Laser glass drilling is a dry and contactless process introducing through holes or cut-outs into glass sheets with very low glass chipping and hence high edge strength as well as extremely high precision - in terms shape and positioning accuracy.
Laser glass drilling is based on laser ablation using green laser light (532 nm). Usually, glass absorbs light in the far IR and UV wavelength region and is highly transparent in the visible wavelength range. Therefore, it seems surprising that green laser light can be used to process glass when only a very small fraction of the laser light can be transformed into heat. Glass is a so called wide-bandgap material where the photon energy of normal solid-state lasers at 532 nm is not high enough for a direct single-photon bandgap excitation of the material.
However, if a laser beam is strongly focused into the glass material and at the same time the laser pulse emission is very short, a high intensity energy distribution is achieved that exceeds the so called threshold intensity at which the material absorbs the green laser light. This effect is called non-linear absorption and effectively enables laser glass drilling with green laser light.
Not only the strong focusing of a short pulsed green laser beam into the glass, but also the guidance of the focus within the material is essential for the production of a through hole or cutout in glass. To create the hole, the laser beam is focused into the back of the glass surface and moved upwards, allowing the vaporized material and glass particles to flow freely in the opposite direction, away from the processing zone.
This prevents the interaction between the laser beam and the material vapor, resulting in higher drilling performance and precision. When the focus reaches the upper glass surface, the drill core is released and falls out of the hole.
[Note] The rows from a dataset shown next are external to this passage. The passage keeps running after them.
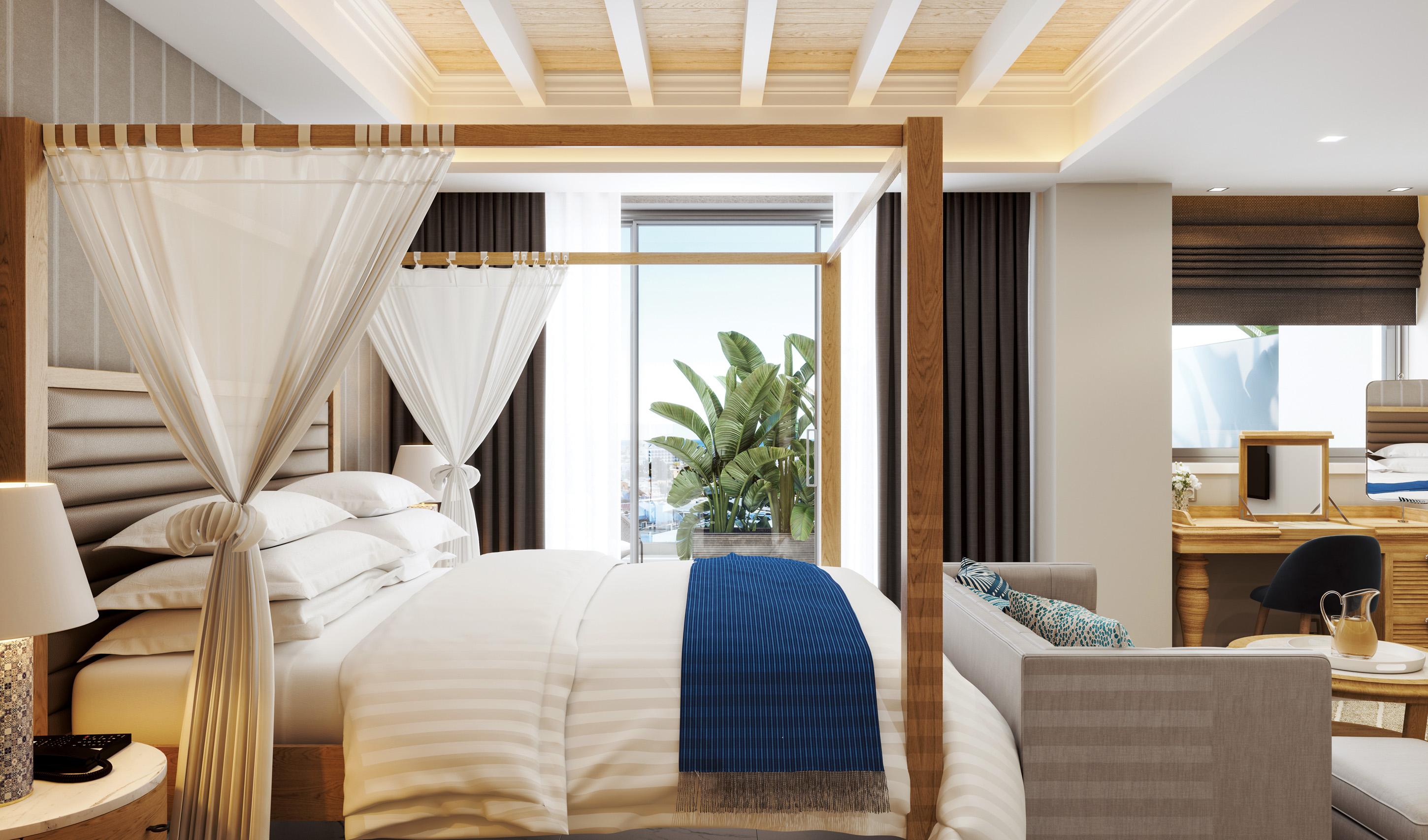 Amanti, Madefortwo - (adults Only) Agia Napa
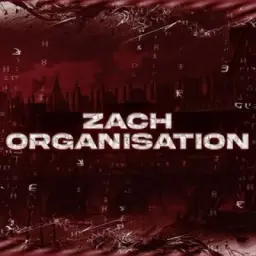 Z4CH ORGANISATION 🇪🇺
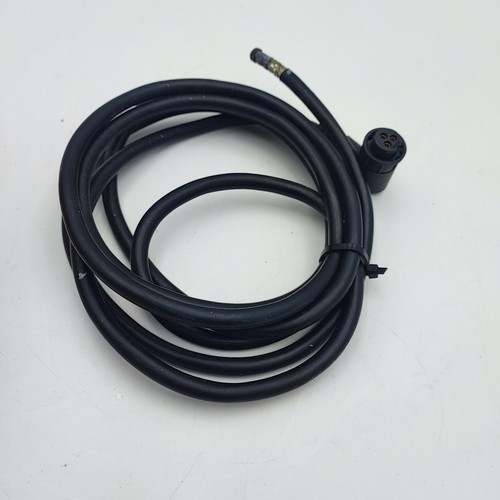 Raymarine pin power - 3,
A suction nozzle below and above the glass removes the vapor and glass particles.
- The process offers a high degree of design freedom and allows holes and inner contours to be freely shaped.
- Laser drilling is also suitable for processing thin glass.
- The resulting chipping is small compared to mechanical methods, and high-quality drill hole edges are achieved.
- Precise positioning creates high quality products that cannot be produced by mechanical methods.